Alfred Adler Aşk Sözleri
-> Ruhsal ilişkiler örgüsünden koparılıp alınmış bir tek ruhsal olaya dayanılarak insanı tanımak gibi bir işe kalkışılamaz.
-> Hayatta birçok kötü olayla karşılaşmış güçsüz çocukların hayal gücü üstün düzeydedir; böylesi çocuklar, düş kurup dururlar hep.
-> Yalnızca kötü olanı görmek ve suçlamak yetmez. İnsan kendine şu soruyu sormalıdır: ‘Bütün bunların düzelmesi için ben ne yaptım?’
-> Bir insanın devinimlerinin yöneldiği amaç, o insanın çocukken dış dünyadan aldığı izlenimlerin etkisi altında gelişip ortaya çıkar.
-> Kadınların erkeklerden daha az yetenekli olduğu savı bir masaldan, gerçekmiş izlenimi veren bir uydurmacadan başka nitelik taşımaz.
-> Her isteyiş, bir yetersizlik duygusuyla ilgilidir, insanda bir doyum, bir hoşnutluk, bir yeterlilik sağlama eğilim ve dürtüsünün doğmasına yol açar.
-> Sanrı, ruhsal gerilimin alabildiğine büyük boyutlara superguzelsozler.com ulaştığı, insanın amacından itilip uzaklaştırılacağı korkusuna kapıldığı durumlarda ortaya çıkmaktadır.
-> Bazen insanlar, kendini beğenmişlik ya da kibir sözcüğü yerine kulağa daha hoş gelen hırs sözcüğünü kullanarak kendilerini biraz temize çıkarmaya çalışırlar.
-> Örneğin moral gücünü yitirmiş pişirik bir ortamda büyüyen çocuklarda böyle bir durumla karşılaşırız; çevrenin aşırı kötümserliği kolaylıkla çevreden çocuğa geçer.
-> Bazı çocuklar aşırı derecede huysuzluğu kaçarak dikkati üzerlerine çekmek isterken, daha çok yada daha az kurnaz kimileri aşırı derecede uslu davranarak aynı amaca varmaya çalışırlar.
-> Bütün oyunlarda gelecek için hazırlık özelliği açığa vurur kendini. Örneğin çocuğun oyun karşısındaki tutumunda, oynayacağı oyunun seçiminde ve ona verdiği önemde bu durumu gözlemleyebiliriz.
-> Başkalarının yaşamına katkıda bulunma şeklinde en ufak bir niyet taşımaksızın kişiliğimizi bir boşluk içinde geliştirmemiz gerektiğini düşünürsek yalnızca emir vermekle yetinen antipatik biri oluruz.
-> Hayatın tek tek olayları bakımından sıklıkla gözlemlediğimiz bir şey var ki, o da bazı kimselerin yaşam konusunda kendilerinde varolan yeteneklerden haberlerinin bulunmayışı ve ilgili yetenekleri küçümsemeleridir.
Alfred Adler Sözleri Uzun
-> Kadınla erkek arasındaki uzlaşma ve dengenin karakteristik özelliği arkadaşlıktır. Kadın ve erkek arasındaki ilişkide karşı tarafı boyunduruk altına almak, tıpkı ulusların yaşamındaki gibi katlanılmaz nitelik taşır.

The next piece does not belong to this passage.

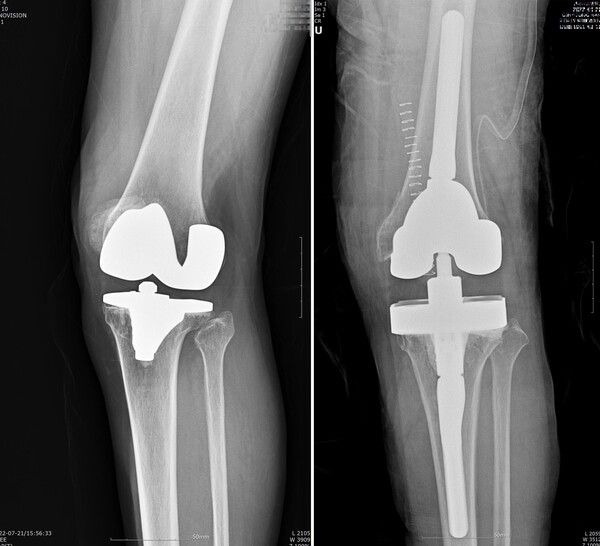인공관절 재치환술 전후 /연세사랑병원 (포인트경제)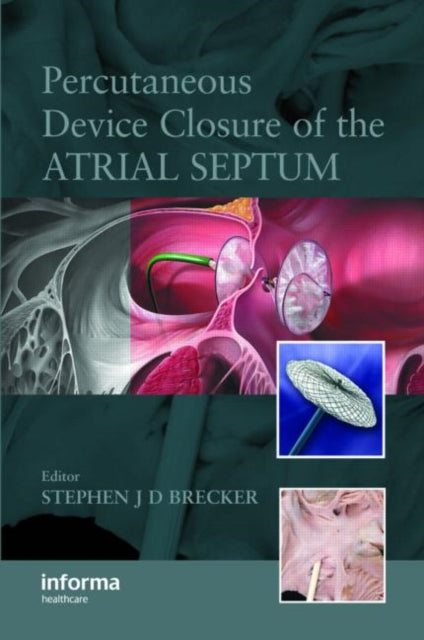 Book cover of: Percutaneous Device Closure of the Atrial Septum. By: Stephen J.D. Brecker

-> Henüz anlaşılmamış biçimde de olsa din’in de toplu yasama zorunluğundan doğduğu görülür; dinde kutsanmış toplu yaşam biçimleri, anlayıcı ve kavrayıcı düşüncenin yerine geçerek bireyler arasında bağlayıcı öğe rolünü oynar.

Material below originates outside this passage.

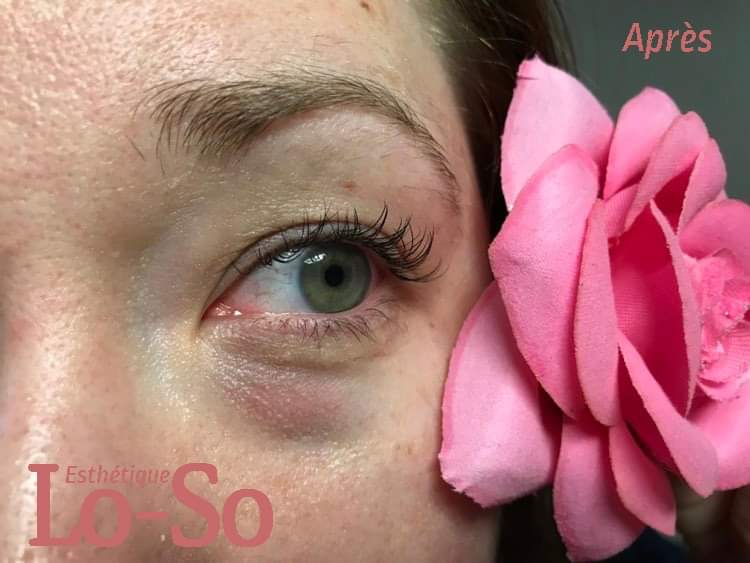 Esthétique Lo-So | 626 Mnt Masson, Sainte-Sophie, QC J5J 1R1, Canada | Phone: (514) 827-1743
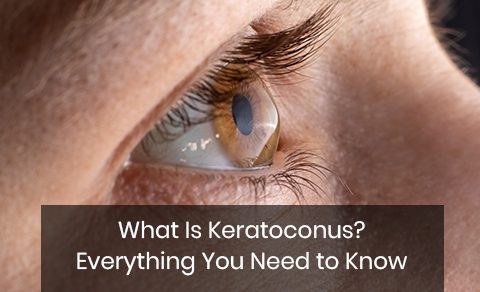 What Is Keratoconus? Everything You Need to Know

-> Kendilerini ezik durumda hissedenlerin yaşamın küçük bir kesitinden dışarı çıkamayanlar arasında yer alacağını, hayattan biraz yüz çevirmiş kişilerin yaşamın sorunlarını, yasama gereği gibi ayak uyduranlar kadar açık seçik göremeyeceğini söyleyebiliriz.

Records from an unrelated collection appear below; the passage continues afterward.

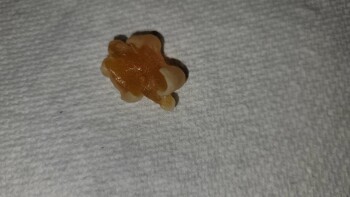 Consumer Food Safety Report Wegmans, Latta Road, Rochester, NY, USA I recently purchased a bag of Black Forest Organic Gummy Bea... photo #8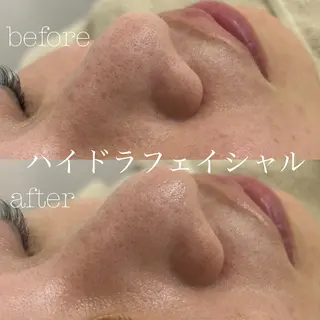 フェイシャルサロン CHIARA 荒田のエステ・リラクイメージ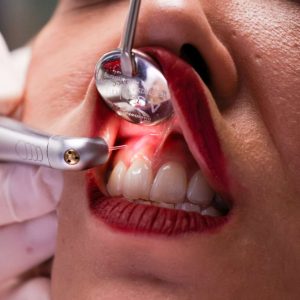 Lazer ile Gingivektomi (2)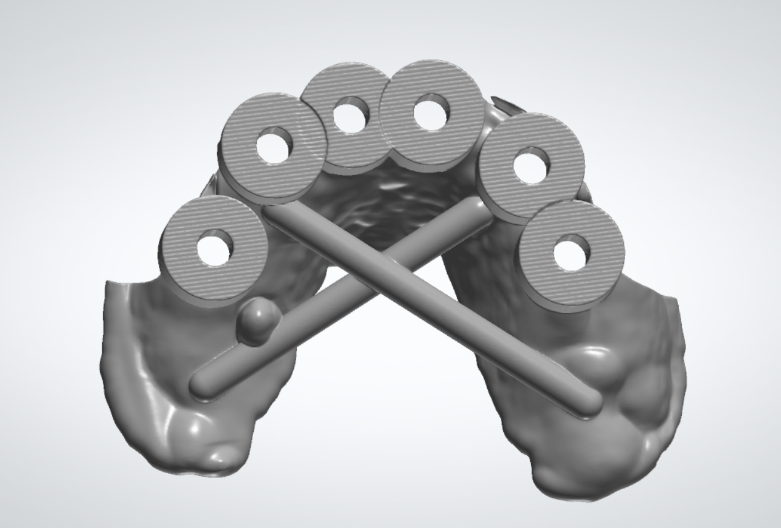 all on x lower surgical guide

-> Hayatta kadınların nasıl ikinci derecede rol oynamakla yükümlü kılındığını gören bir kızın cesaretini yitirip, kendisini bekleyen işlere pek istenildiği gibi el atamayacağı, yaşamın karşısına çıkaracağı ödevlerden korkup soluğu kaçmakta alacağı doğal, bunun da kendisini ise yaramaz bir duruma sokacağı kuşkusuzdur.
-> Özetlersek diyebiliriz ki, düş, düşü görenin kafasının bir sorunla meşgul olduğunu, ayrıca bu sorun karşısında ne gibi bir tutum takındığını ortaya koyar. Düşte düşü görenin çevresine karşı tutumunu etkileyen toplumsallık duygusu ve güçlülük eğilimi gibi iki etken özellikle rol oynar, en azından bunların düşte hafiften ızlerini ele geçirmek mümkündür.
-> Kadının yetersizliğine ilişkin önyargı ve buna bağlı olarak erkeğin kendini beğenmişliği, her iki cinsiyet arasındaki uyumu sürekli bozarak inanılmayacak bir gerilimin doğmasına yol açar; ilgili gerilim, özellikle sevgi ilişkilerine de nüfuz ederek tüm mutluluk olanaklarını aralıksız tehdit altında tutar, hatta çok kez yok eder. Tüm aşk yaşamımızı zehirleyerek kurutup bir yangın yerine çevirir.
-> Toplumdan uzak kalmak isteyen biri için, örneğin hep kirli bir yaka ya da pejmürde bir ceketle toplum içinde görünmekten daha uygun ve daha etkili bir çare yoktur. Kendisini başkalarının dikkati, eleştirisi ve rekabetiyle yüzyüze getirecek bir işin başına geçmekten yakayı sıyırmada ya da sevgi ve evlilikten kaçma işinde, başkalarının karşısına bu şekilde çıkmaktan daha iyi ve mükemmel ne yardım edebilir kendisine?